• **YOUR OBJECTIVE**:
The reply is a verbatim copy of the listing below with its images dropped.

• **DATASET EXCERPT**:
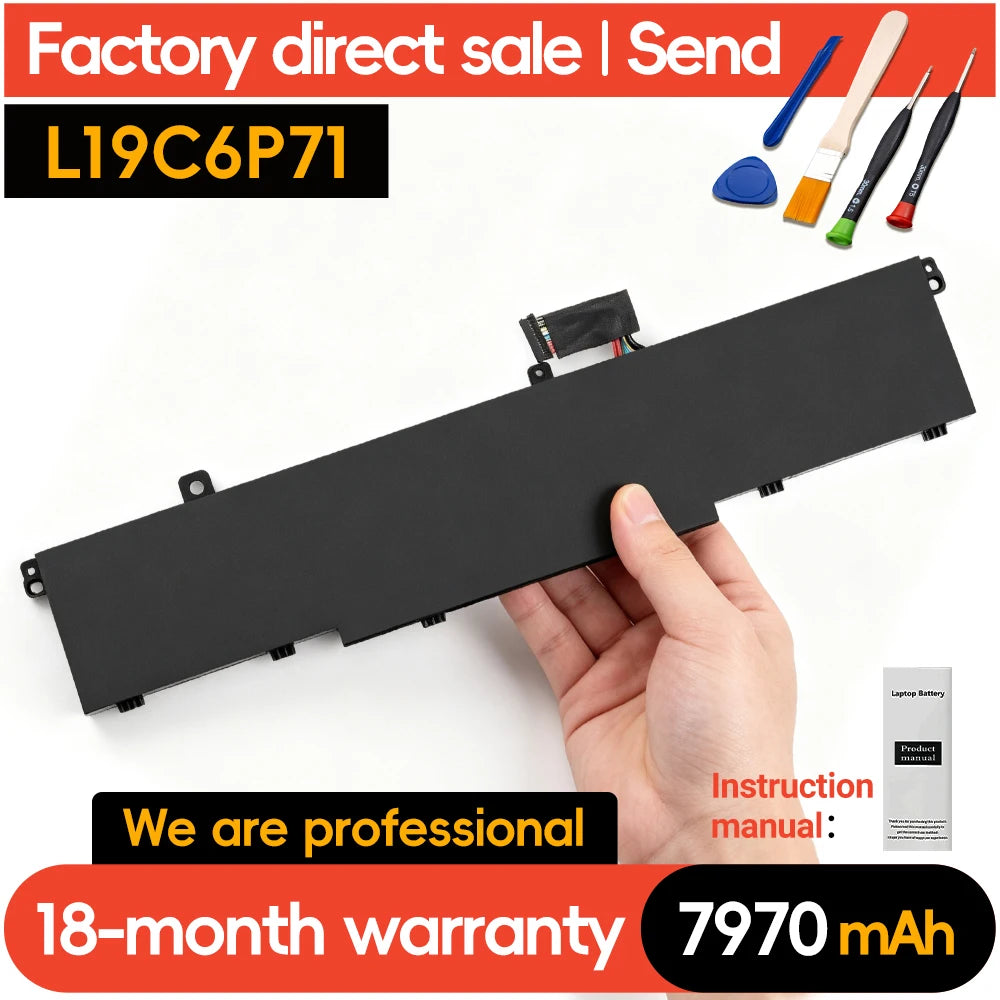 SUOZHAN L19C6P71 Battery for Lenovo ThinkPad T15G P15 P17 Gen 1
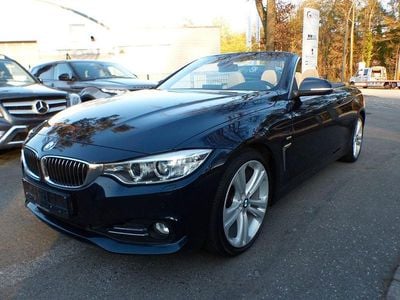 Gebraucht BMW 430 Cabriolet Luxury Line 258 PS (189 kW) 2014 Blau Cabrio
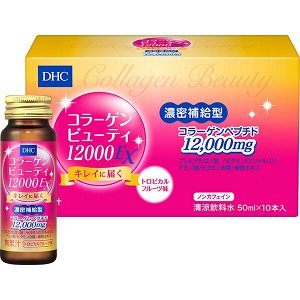 Премиальный напиток с коллагеном для поддержания молодости и красоты DHC Collagen Beauty 12000EX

• **WRITTEN RESPONSE**:
 SUOZHAN L19C6P71 Battery for Lenovo ThinkPad T15G P15 P17 Gen 1
 Gebraucht BMW 430 Cabriolet Luxury Line 258 PS (189 kW) 2014 Blau Cabrio
 Премиальный напиток с коллагеном для поддержания молодости и красоты DHC Collagen Beauty 12000EX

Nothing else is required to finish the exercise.